Prove there is an entire function $f$ such that for any branch $g$ of $\sqrt{z}$, $$\sin^2(g(z))=f(z)$$ for all $z$ in the domain of definition of $g$.
I don't know how to overcome the fact that $g$ is not defined everywhere on the complex plane. Thanks for any help.
We have $$\sin^2(z) = \frac{1-\cos(2z)}{2}$$
$$\cos(z) = \sum_{k=0}^\infty \frac{z^{2k}(-1)^k}{(2k)!}$$
which gives
$$\sin^2(g(z)) = \frac{1}{2}\sum_{k=1}^\infty \frac{(g^2(z))^k 4^k(-1)^{k+1}}{(2k)!} = \frac{1}{2}\sum_{k=1}^\infty \frac{z^k 4^k(-1)^{k+1}}{(2k)!}$$
except for points on the branch-cut $z\in (-\infty,0]$ where $g$ is not defined, since for any branch $g(z)$ of $\sqrt{z}$ we have $g^2(z) = z$.

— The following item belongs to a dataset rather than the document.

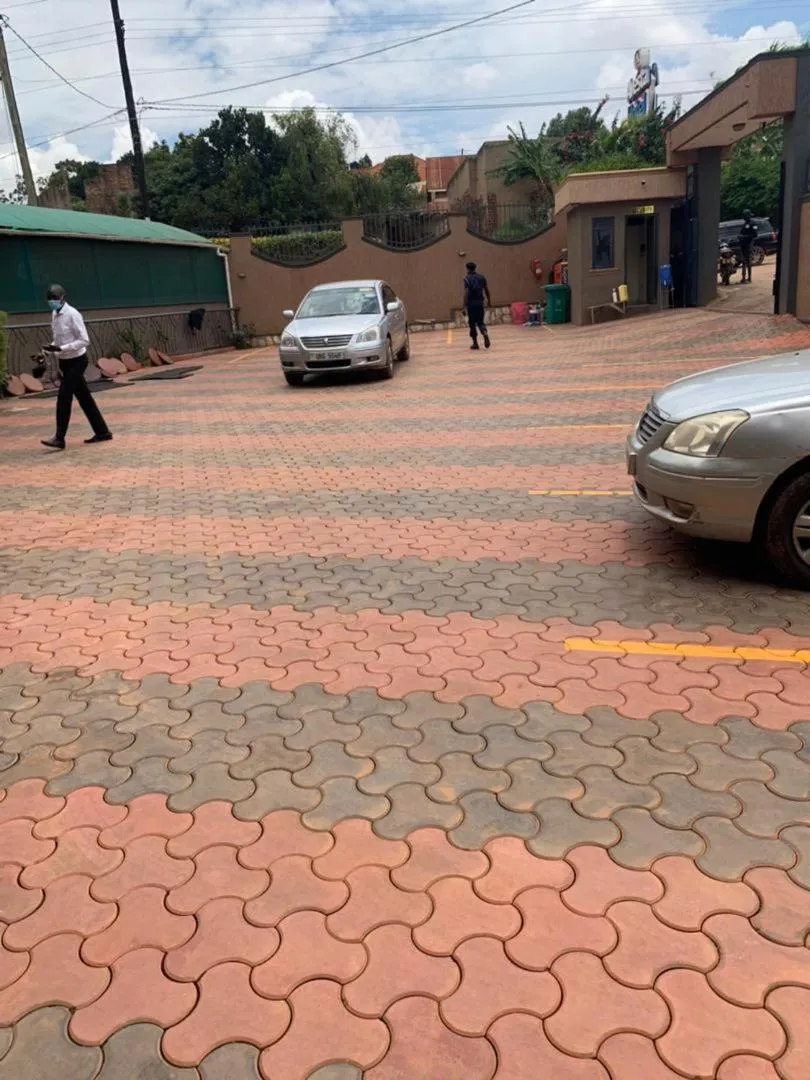 Parking in Avesta Hotel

Now it's easy to check that the power-series
$$f(z) \equiv \frac{1}{2}\sum_{k=1}^\infty \frac{z^k 4^k(-1)^{k+1}}{(2k)!}$$
converges everywhere in the complex plane any therefore representes an entire function which equals $\sin^2(g(z))$ for all points where the latter is defined.